I’m convinced that I chose European art because of my own family history. Europe seemed very close to me; both of my grandfathers were immigrants who, along with one grandmother, spoke with strong foreign accents. The calamities that they and their families suffered during the Holocaust and behind the Iron Curtain weighed heavily on them and gave us sobering glimpses of their European past. 

Tell Us About Your Current Project: This project represents a real break with the bulk of my career as it examines material culture in the U.S. However, it also enlarges upon my last major publication, a co-edited volume on the relationships between freemasonry and the visual arts (with Reva Wolf, Freemasonry and the Visual Arts from the Eighteenth Century Forward,Bloomsbury, 2020). I dove into freemasonry through the baron Taylor, a major figure in French 19th-century culture, high-ranking Mason, and the protagonist of my first two monographs.

After finding intriguing masonic objects in the Special Collections Libraries at UGA, I realized that I could parlay my knowledge in freemasonry into new research that fulfilled the land-grant mission of UGA and related more directly to Georgians. To that end, I am curating an exhibition of masonic materials (mostly) from Georgia that will open in January 2023 and writing a scholarly catalogue to accompany it.

Through these items we can perceive the pervasiveness and impact of freemasonry on life and culture in Georgia, from the State seal to the emblem of UGA, from college fraternities to other masonic and para-masonic groups like the Order of the Eastern Star, Knights of Pythias, and Gridiron Club. Although largely segregated, freemasonry provided Blacks in Georgia a safe place through which to help their fellow men and communities endure Jim Crow laws and advocate for their civil rights. Freemasonry left its traces everywhere in Georgia, once we are prepared to recognize the signs. Most of us have probably had a Mason or two in our families at some point. I know I was surprised to learn of some in my family! They were Jewish, Catholic, or immigrants, and serve as instances of the religious and class tolerance professed by masonic bodies. In these and other ways, freemasonry offers us an example of how, during quarrelsome times, people overcame their differences and met as equals, “on the level,” to try to improve themselves and reduce suffering in the world.

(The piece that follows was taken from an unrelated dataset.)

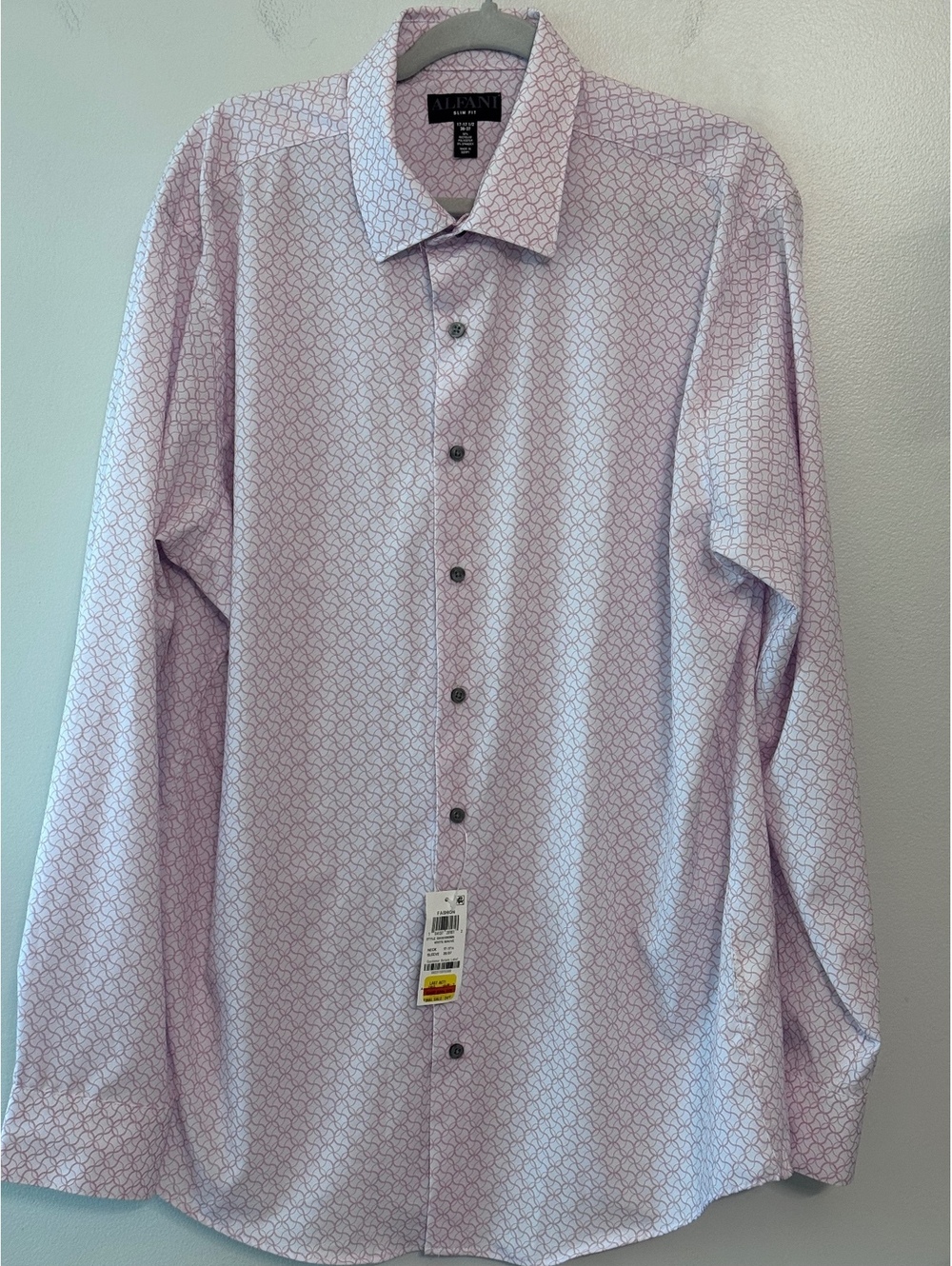 Alfani Slim Fit White Mauve Patterned Dress Shirt 17-17 1/2 Neck 36-37 Sleeve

What Are you Finding at GHS? In general, it is difficult to do research into freemasonry for numerous reasons, but primarily because it is a secret society and, in the U.S., limited to men, and many lodges closed, or their records were lost over time. Some states have Grand Lodges that offer a masonic research collection; Georgia does not. At the beginning of my project, I thought the GHS would be my main research source, but it closed for renovation before I had my grant in hand, so I have been waiting more than three years to come! It forced me to find other resources, which allowed me to fine tune my research at the GHS.

The most significant collections for my project are those related to the eminent Savannah lodge, Solomon’s Lodge No. 1 (GHS 940), one of the first three recognized masonic lodges in the British North American colonies. These records have been microfilmed and contain 18th- and 19th-century minute books –a rarity, as so few have survived, due to fire, war, or neglect—that provide an idea of the membership, practices, and concerns of the lodge, as well as the masonic lives of specific members. For example, we hope to include a portrait painting of the Savannah Mason, John Habersham (Georgia Museum of Art), in the exhibition. Little research has been done on the painting or on Habersham’s masonic life. Now I will be able to provide documentary evidence of his freemasonry and possible readings of the portrait in relation to it.